Consider $g\in \mathbb{R}^n$ whose entries are i.i.d. normal random variables, how can I get an estimate of the upper bound of $$ P(X_s \geq Y_{n-s}) \leq \, ? $$ where $X_s = \sum_{i=1}^s |g_i|$ and $Y_{n-s} = \sum_{i=s+1}^n |g_i|$. Note that $X_s$ and $Y_s$ are both sum of absolute value sum of $s$ i.i.d. normal R.V. so they are independent copies of each other.
In other words, we want to find the probability that absolute value sum of $s$ i.i.d. normal R.V. is greater than that of $n-s$ i.i.d. normal R.V. It would be interesting to see the dependence of upper bound on $s$ and $n$.
An idea to solve this problem is $$ P(X_s \geq Y_{n-s}) = \int_0^\infty P(X_s > y) f_Y(y)\,\mathrm dy $$ where $f_Y(y)$ is the pdf of $Y_{n-s}$.
Some helpful facts:
$ P(X_s > y) \leq 2^s \exp(-t^2/2s),$see link
$P(Y_s \leq st) $ can be explicitly calculated, see link.
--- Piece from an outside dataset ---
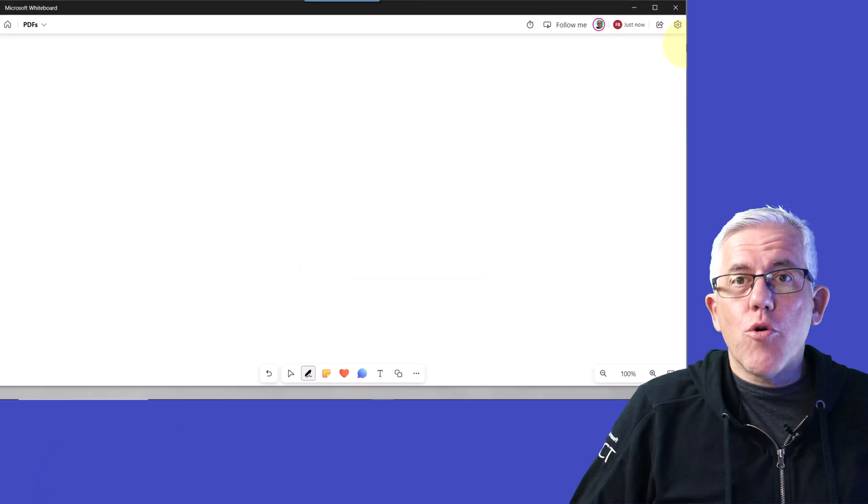Hello everyone, just a quick video here on how to work with PDFs in the Microsoft Whiteboard. If you want to see a full video on the new features of the Microsoft Whiteboard, I'll link a video down below that goes through everything in depth. But this one here is just on PDFs. Let's go have a look.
But it is hard for me to use it here since we want an upper bound of the density function of $Y_{n-s}$.
This seems to be a quite classical probability question so I guess someone must have studied it before. Any idea and reference will be appreciated.
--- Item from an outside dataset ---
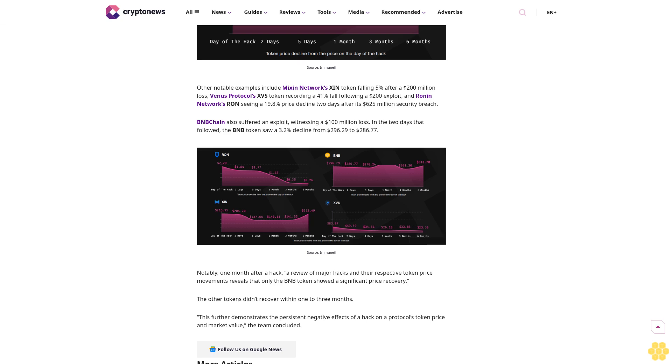BNB Chain also suffered an exploit witnessing a $100 million loss. In the two days that followed, the BNB token saw a 3.2% decline. Notably, one month after a hack, a review of major hacks and their respective token price movements reveals that only the BNB token showed significant price recovery. The other tokens didn't recover within one to three months, further demonstrating the persistent negative effects of a hack on a protocol's token price and market value.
Not an answer, but too long to fit in the comment.
For the case when $s=\epsilon n$ where $\epsilon$ is small, maybe we can try the following.
$$\begin{align} &\mathbb{P}\left(X_{\epsilon n} > Y_{(1-\epsilon)n}\right) \\ &= \mathbb{P}\left(\{X_{\epsilon n} > Y_{(1-\epsilon)n}\} \cap {\{ Y_{(1-\epsilon)n} \leq {\epsilon}^{0.1}n \}}\right) + \mathbb{P}\left(\{X_{\epsilon n} > Y_{(1-\epsilon)n}\}\cap{\{ Y_{(1-\epsilon)n} >{\epsilon}^{0.1}n \}}\right)\\ &\leq \mathbb{P}\left( Y_{(1-\epsilon)n} \leq {\epsilon}^{0.1}n \right) + \mathbb{P}\left(X_{\epsilon n} >{\epsilon}^{0.1}n\right) \end{align}$$
Second term decays like $\mathbb{P}(X_{\epsilon n} >{\epsilon}^{0.1}n) \leq e^{-Cn/{\epsilon}^{0.8}}$, following the formula from the question.
For the first term, if we normalize by the expectation, (denote $\mathbb{E}[Y_{(1-\epsilon)n}] = L(1-\epsilon)n$), we have $$\begin{align} &\mathbb{P}( Y_{(1-\epsilon)n} \leq {\epsilon}^{0.1}n ) \\ &= \mathbb{P}( Y_{(1-\epsilon)n} - L(1-\epsilon)n \leq {\epsilon}^{0.1}n - L(1-\epsilon)n)\\ &\leq \mathbb{P}(|Y_{(1-\epsilon)n} - L(1-\epsilon)n| \geq (L(1-\epsilon) - {\epsilon}^{0.1}\big)n) \end{align}$$ From here, we can probably get a general bound of the type $e^{-Cn}$ using the usual derivation for Chernoff bounds. But I think the decay rate should improve when $\epsilon \to 0$. So maybe we have to use the Gaussian distribution and the derivation from fact 2 in the question (which I don't know how to rewrite in a more explicit form).